:: Given data ::
§

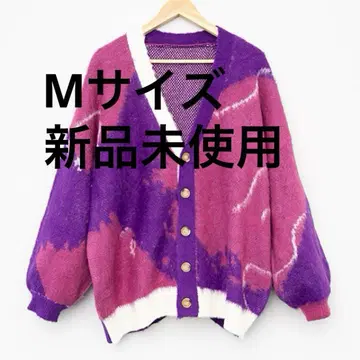 킹프리 가디건 M 사이즈 킹프리 와 불꽃놀이 2025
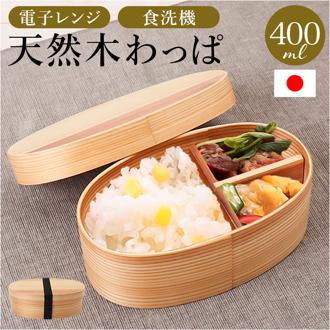 弁当箱 曲げわっぱ S 通販 電子レンジ対応 食洗機対応 ほんとうに使いやすい曲げわっぱ ランチ ランチボックス 大人 女子 まげわっぱ お弁当 木製 弁当 運動会 ピクニック 男性 １段 仕切り 遠足 わっぱ弁当 小判型 おしゃれ かのりゅう レディース
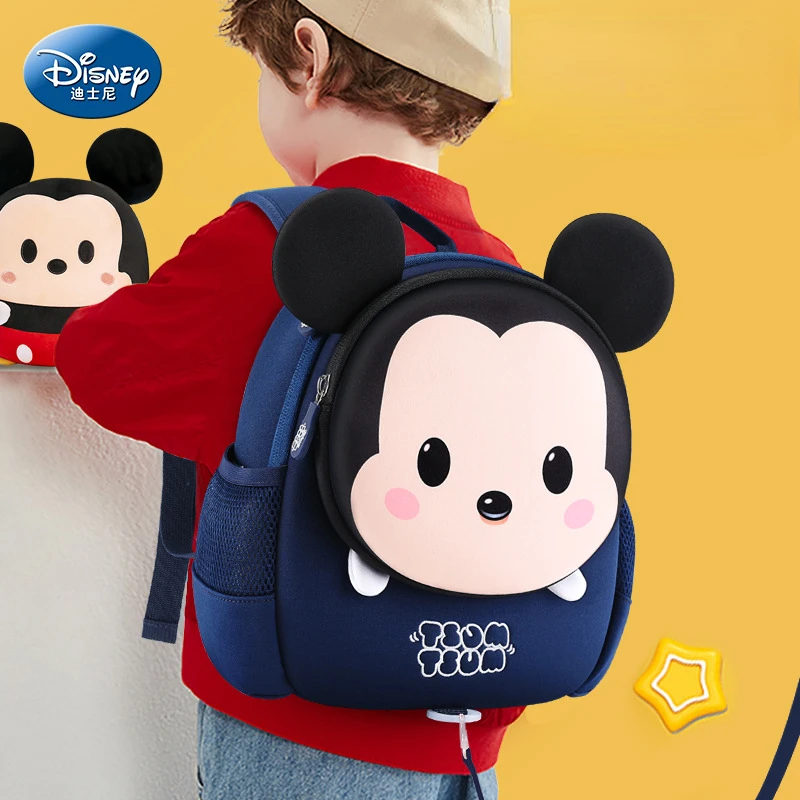 Disney Mickey Original Children's Backpack Cartoon Cute Boys and Girls Backpack 3D Waterproof 2-3 Year Old Children's Schoolbag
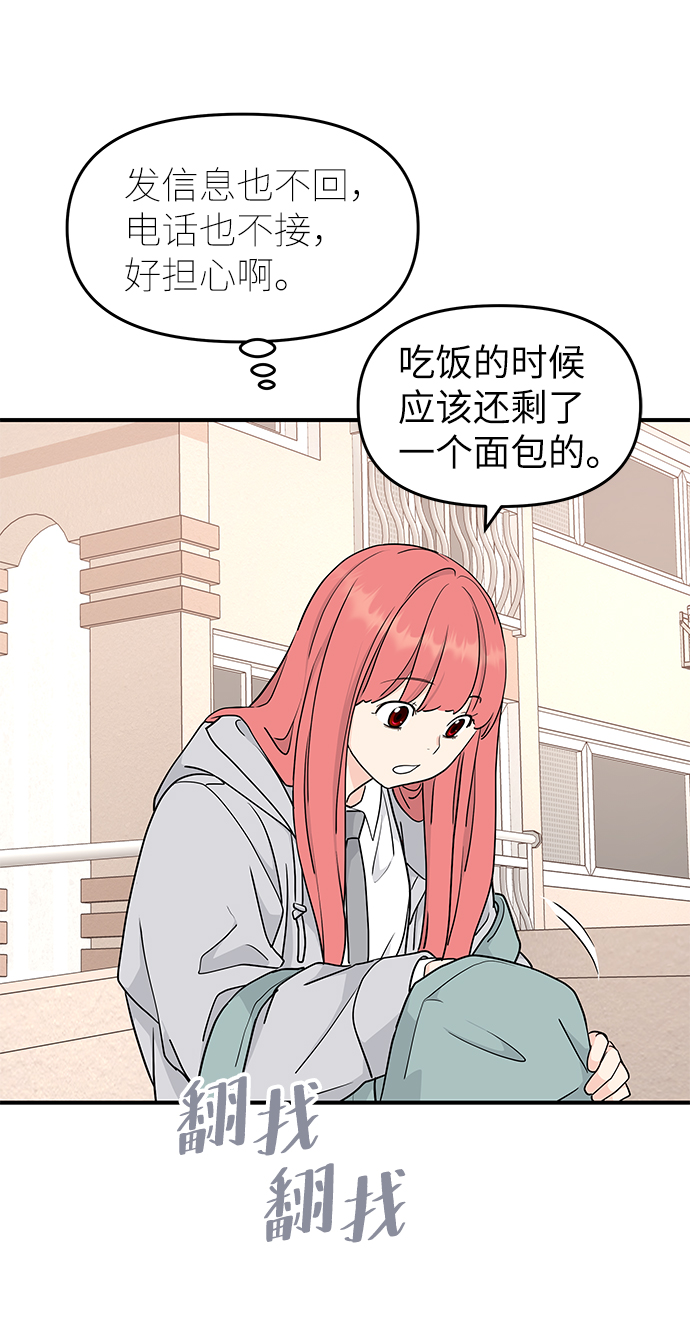 第54话70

§

:: Directions ::
Pictures excluded, write out exactly and only the lines of the material from the one containing "Disney Mickey Original" up to and including the last line.

:: Task output ::
 Disney Mickey Original Children's Backpack Cartoon Cute Boys and Girls Backpack 3D Waterproof 2-3 Year Old Children's Schoolbag
 第54话70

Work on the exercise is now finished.